Michael Grießer ist der Geschäftsführer der Bayerischen Seenschifffahrt und gerade im Urlaub – aber trotzdem informiert, was an einem seiner Seen passiert. Einige Einheimische nörgeln im Internet, weil „vor lauter Menschen kein Boden mehr zu sehen ist“. „Der Einheimische muss weg, um Freizeit zu genießen“, schreibt einer noch. Mit solchen Kommentaren kann Grießer wenig anfangen. Er ist zufrieden, dass sich am Königssee was regt.
„Der Rubel rollt hier“, sagt auch ein Mann in der Warteschlange. Eine Fahrt über den See nach Salet kostet hin und zurück 27,80 Euro für Erwachsene, nach St. Bartholomä sind es 22 Euro. Das macht einen Tagesumsatz von mehr als 100 000 Euro. Außerdem wäre noch mehr gegangen, wenn die Hochstaufen, eines der Elektroboote, sich nicht noch in Reparatur befinden würde, sagt Grießer. 6000 Leute hatten sie einmal vor Corona. Zurzeit ist fast jeder Tag ein Ausnahmetag an einem der beliebtesten Ausflugsseen Deutschlands.
Viele Nationen sind zu Gast, eine große Zahl Inder verbringt derzeit in Berchtesgaden Urlaub, einige Asiaten. Es wird viel Englisch gesprochen. „Es sind vor allem Individualtouristen“, bestätigt Michael Grießer. Reisebusse mit Tagestouristen seien deutlich weniger vor Ort als noch vor Corona-Zeiten, sagt er. Allerdings: Die Parkplätze für Busse sind bis auf den letzten Platz belegt.

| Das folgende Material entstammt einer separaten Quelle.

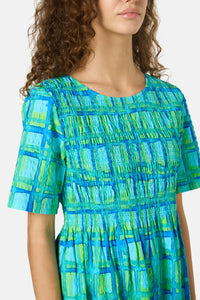 Gorman NZ - Montage Check Shirring Dress - check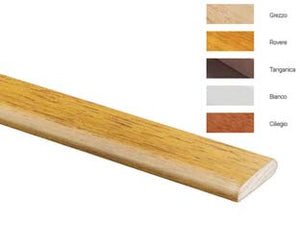 ASTINA LISCIA IN LEGNO DI AYOUS- - mm.4,5x18x2000, bianco - 25 pezzi PIRCHER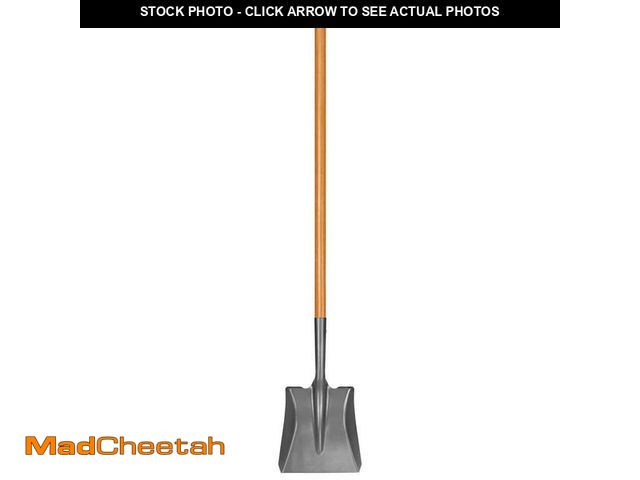 Lot 74-12551511 - 47 in. Wood Handle Carbon Steel Transfer Shovel - UNUSED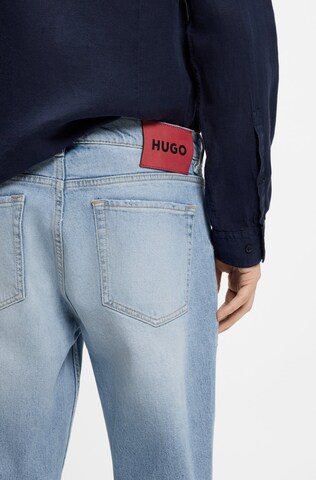 HUGO Tapered Jeans in Blau
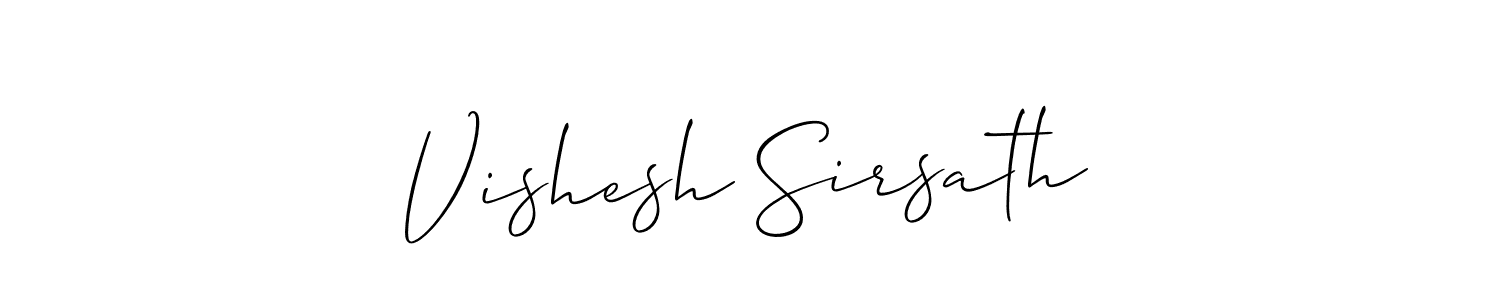 Make a beautiful signature design for name Vishesh Sirsath. Use this online signature maker to create a handwritten signature for free. Vishesh Sirsath signature style 2 images and pictures png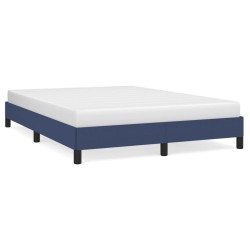 vidaXL Estructura de cama de tela azul 140x190 cm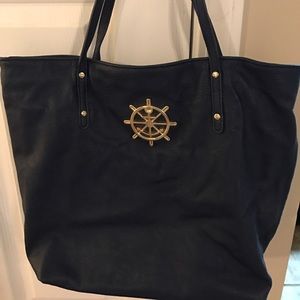 Mudpie Nautical Navy Purse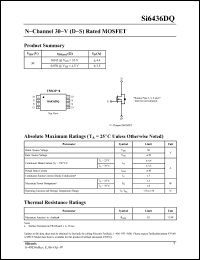 Click here to download SI6436 Datasheet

Die Menschen drängen sich am Ticketschalter. Einigen macht die Bruthitze zu schaffen. „Es fehlt ein Platz, wo man Schatten findet“, sagt ein Asiate auf Englisch. „Früher gab es an der Seelände schattenspendende Kastanienbäume“, sagt Geschäftsführer Grießer. Im Zuge der Neugestaltung des Platzes mussten diese weichen. Die kleinen Holzüberdachungen am Seeufer sind viel zu klein. Dann herrscht plötzlich Aufregung. Bei einem Mann geht der Kreislauf an diesem Samstag in die Knie. Er muss sich auf eine Parkbank legen. „Das dauert hier zu lange“, sagt seine Begleiterin. Er bekommt eine Flasche Wasser, eine Frau reicht ihren Schirm. Einige Leute haben in weiser Voraussicht Schirme mitgebracht, um sich in der langen Schlange vor den Sonnenstrahlen zu schützen. Schifffahrts-Geschäftsführer Grießer sagt: „Wer reserviert hat, muss nicht in der Schlange warten.“ Die Leute könnten sich in dieser Zeit anderweitig die Zeit vertreiben. Es genüge, 20 Minuten vor Bootsabfahrt am Steg zu sein.

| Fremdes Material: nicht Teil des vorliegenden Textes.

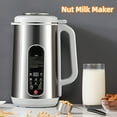thumbnail image 2 of 40oz Stainless Steel Soy Milk Maker - 800W 2200RPM, Auto Clean, 24H Timer, 1200ml Capacity for Nuts/Soup/Juice, Smart Touch Control, 110V, 2 of 9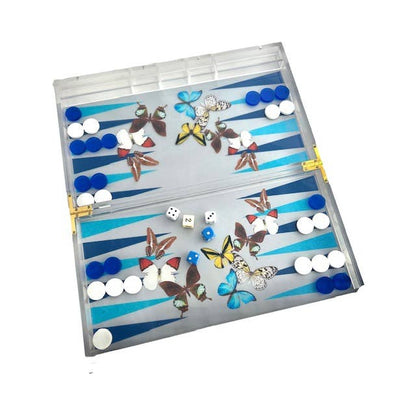 Game, Backgammon- Grey Butterfly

Tatsächlich gibt es nicht viele Möglichkeiten, hier Schatten- und Sitzplätze zu finden. Der kleine Biergarten nebenan ist bereits bis auf den letzten Platz belegt. Zusätzlicher Sonnenschutz in der Hochsaison könnte Abhilfe schaffen. Allerdings: „Uns gehört an der Seelände nur ein schmaler Streifen“, sagt Michael Grießer. Die Hitze-Problematik ist für ihn aber nachvollziehbar. Sein Vorschlag: ein Gespräch mit der Gemeinde.
Nicht nur der See ist am Wochenende übrigens voll, auch am nahe gelegenen Kehlstein ist der Andrang riesig. Bereits gegen Mittag gibt es am Samstag beim beliebten Touristenziel keine Möglichkeit mehr, Karten für eine Auffahrt mit dem E-Bus zu erhaschen.